# Benzodiazepines and SSRI'S



## babyrex (Aug 5, 2012)

Hi all!

I haven't been here in some time. As some of you may remember, I went to Mayo to get a diagnosis. That trip was an epic FAIL, but really, it didn't matter anyway. Because what I have come to discover is pretty awful.

When I got my diagnosis for hypothyroidism, I was sure that was what was making me sick. I took my meds and it did help. But I was still sooo sick all the time. I stumbled across an artical about Benzo Withdrawal and the floor dropped from underneath me...

I have been on Benzos and SSRI's for about 10 years as prescribed for GAD and depression. Prior to taking these medications I had no thyroid issues. Is it a coincidence? I think not. More compelling research is showing these types of drugs can actually cause problems with the endocrine system. (Sorry, I won't take the time to source, just google it)

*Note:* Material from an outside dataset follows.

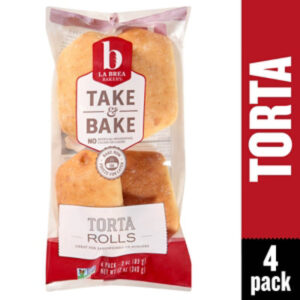 La Brea Bakery Take & Bake Bread Rolls Torta- 4-3 Oz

I am now in the process of doing a very SLOW taper to get off the Benzos. (I was done with the SSRI'S some months back.) I have read a lot on how to safely taper and I should be off by June or July.

My point is:

If you are taking these types of medication, chances are they may be at the root of your problem. I will try to keep everyone updated as far as my thyroid status goes. It is still way too early to predict how this will play out. I will check in once and awhile.

Hugs to all!


----------



## Andros (Aug 26, 2009)

babyrex said:


> Hi all!
> 
> I haven't been here in some time. As some of you may remember, I went to Mayo to get a diagnosis. That trip was an epic FAIL, but really, it didn't matter anyway. Because what I have come to discover is pretty awful.
> 
> ...


So glad you have dropped in to say hi and to share your experience w/us. You may be helping many many who come here.


----------



## babyrex (Aug 5, 2012)

Thank you Andros! I will post after I am done tapering off the Benzos, and provide labs.

One more thing. If you think it is hard to find an endocrinologist, try to find a benzo wise doctor. It's nearly impossible! Hugs!


----------



## Andros (Aug 26, 2009)

babyrex said:


> Thank you Andros! I will post after I am done tapering off the Benzos, and provide labs.
> 
> One more thing. If you think it is hard to find an endocrinologist, try to find a benzo wise doctor. It's nearly impossible! Hugs!

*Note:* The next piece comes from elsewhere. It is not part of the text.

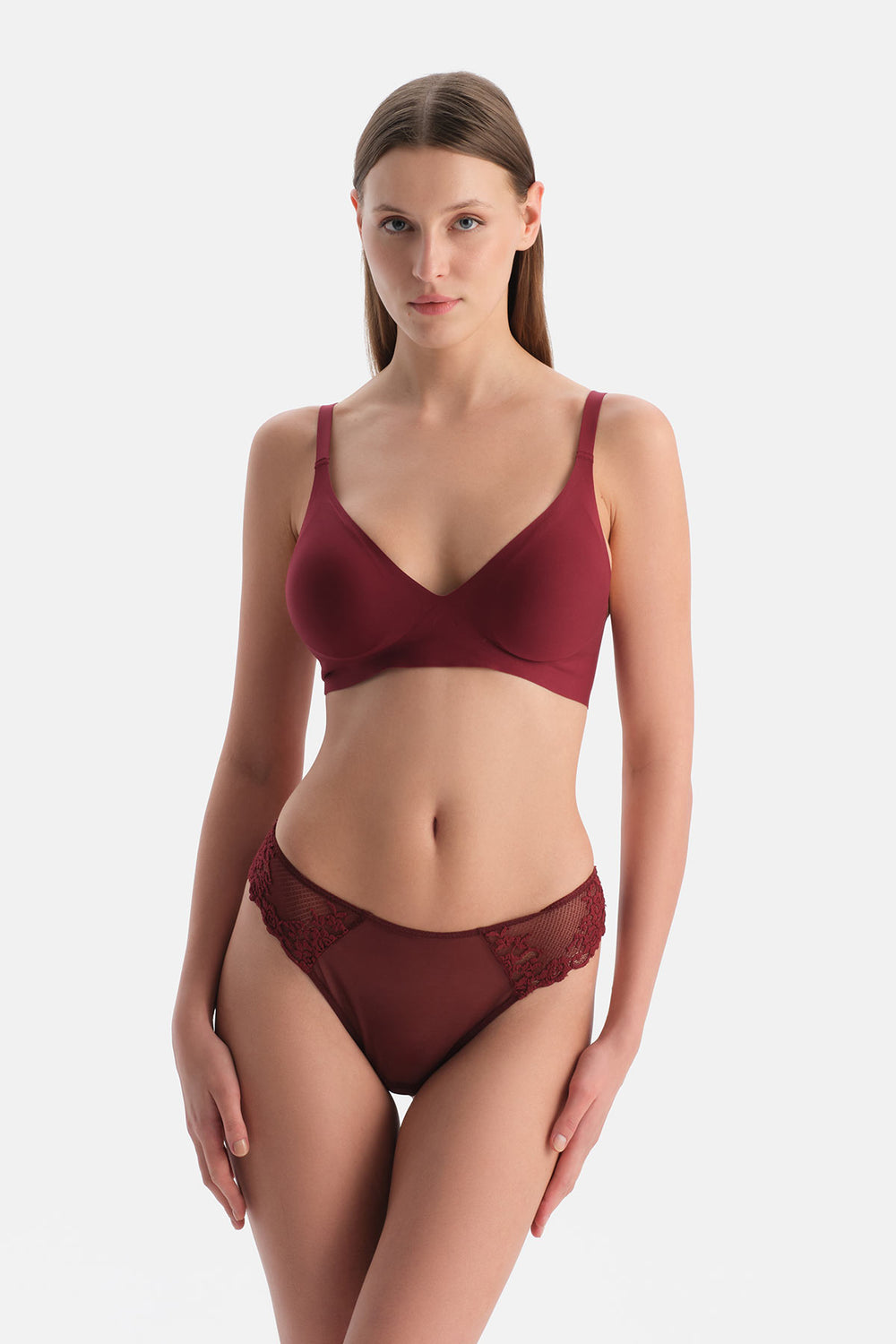 Bordo 1135KC Suzıe Balensiz Dikişsiz Sütyen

Aaaaaaaaaaaaaargh!!! Let us know how you fare. Keeping you in my thoughts and prayers for all of this.


----------



## I DClaire (Jul 31, 2011)

I find this very interesting. I am the only one in my family who has had thyroid problems and the only one, except my mother, who has battled depression and anxiety. My sister and one of her two sons have been very successfully treated for epilepsy almost their entire lives.

When I was 22 years old with a toddler, several extremely stressful events struck my life simultaneously, everything from the sudden death of my father-in-law to my husband being diagnosed with severe coronary artery disease. Looking back, the fact that a doctor told me a couple of years later that I was on the brink of complete physical and mental exhaustion was probably an understatement - I was burning the candle at both ends and in the middle. I was put on Valium for at least a year.

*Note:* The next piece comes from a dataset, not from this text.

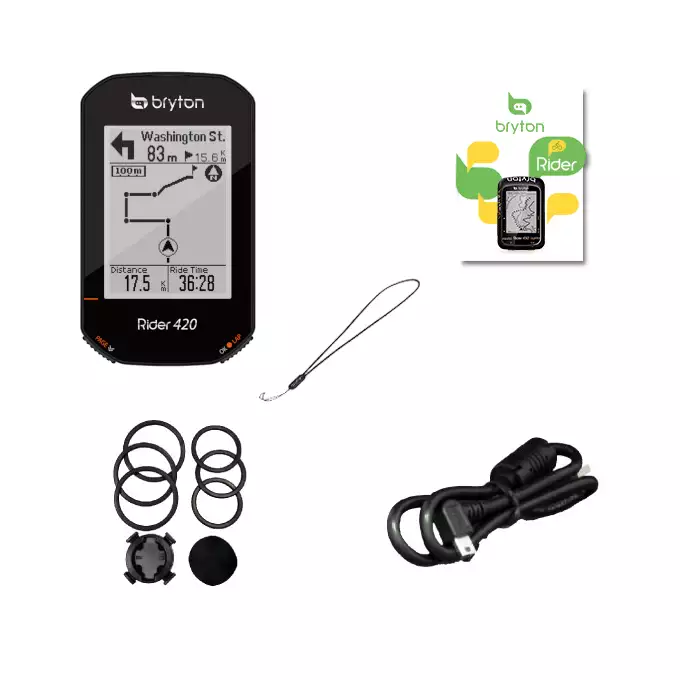 Licznik rowerowy GPS BRYTON Rider 420E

Almost 45 years later, I have been diagnosed at various times with depression, Chronic Fatigue Syndrome, Adult ADD (which I highly suspect I also had as a child), and very recently anxiety. I've also been prescribed an assortment of sleeping pills, none of which I could tolerate for any length of time.

I truly find the possible connection between benzodiazepines and SSRI's to be very curious...and probably worth a lot of research. I've recently read that thyroid disease is being diagnosed in middle aged women now in extraordinary numbers and the question is why? I've read theories that it might have to do with dental xrays, maybe mammograms. What if it might have to do with the fact that back in the late 1960's and early 1970's, doctors were prescribing Valium and later to be proven dangerous weight control pills to so many women?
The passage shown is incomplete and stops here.